Brief >>
The reply should match the listing below character for character, except that no image is carried over.

Recorded data >>

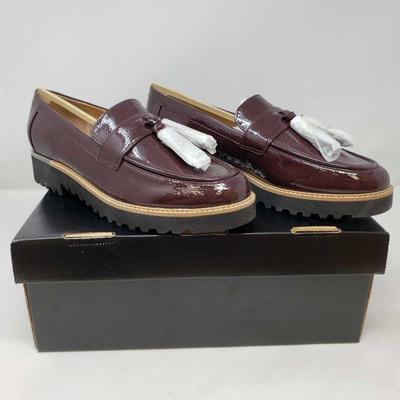 545: Franco Carolynn Loafer
Brand New Never Worn Franco Carolynn Loafer Size Unknown, Color Burgundy Faux Patent Retail Price $89.00....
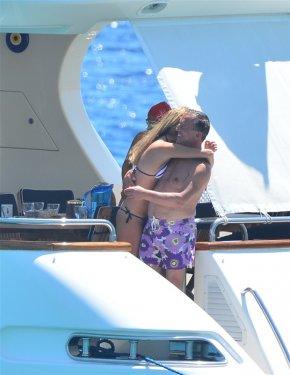 Ağaoğlu'nun yeni sevgilisi 23'lük Hazal	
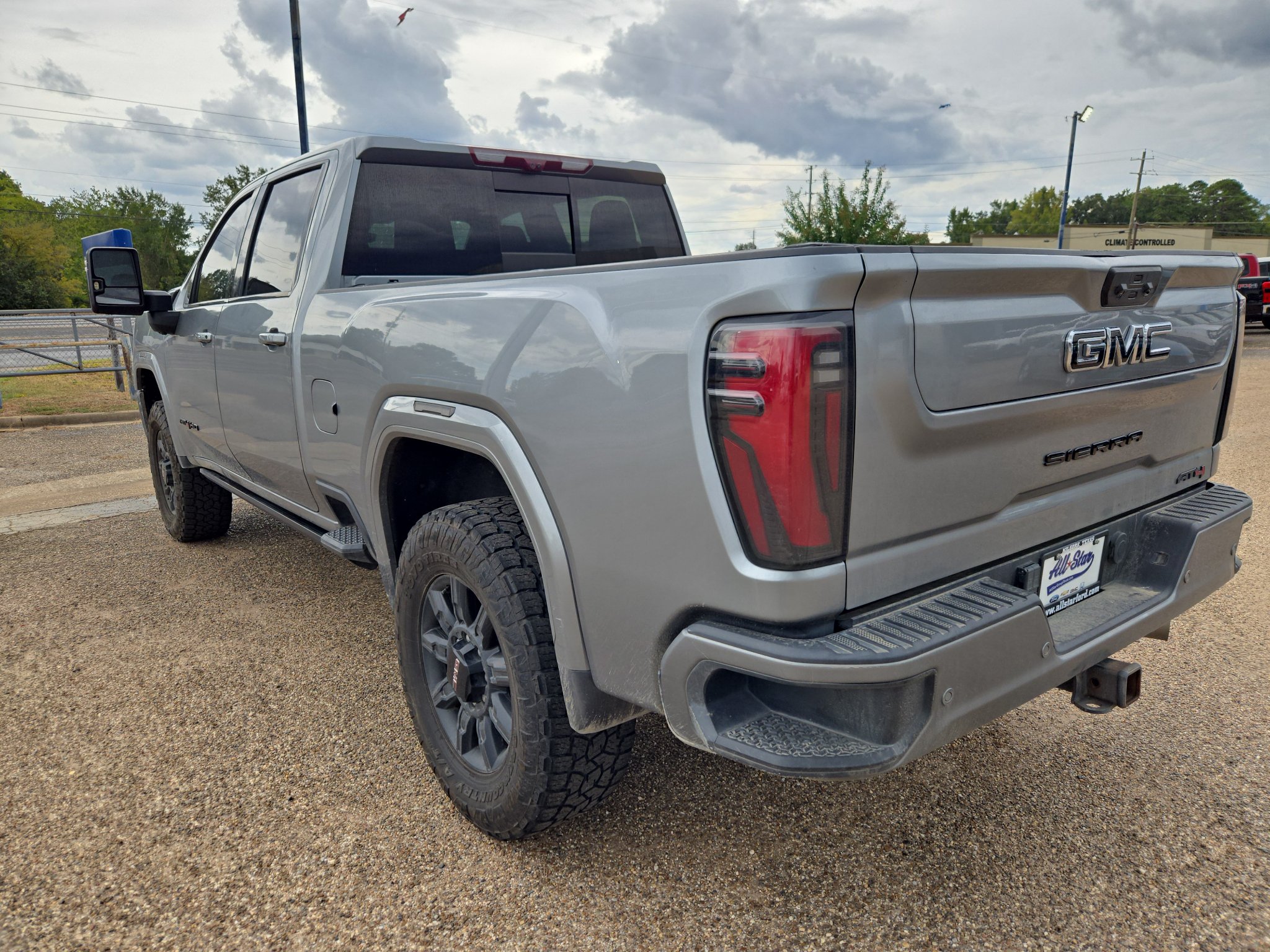 Used 2024 GMC Sierra 2500 AT4 w/ AT4 Premium Plus Package AWD/4WD image 3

Exercise answer >>
 545: Franco Carolynn Loafer
Brand New Never Worn Franco Carolynn Loafer Size Unknown, Color Burgundy Faux Patent Retail Price $89.00....
 Ağaoğlu'nun yeni sevgilisi 23'lük Hazal	
 Used 2024 GMC Sierra 2500 AT4 w/ AT4 Premium Plus Package AWD/4WD image 3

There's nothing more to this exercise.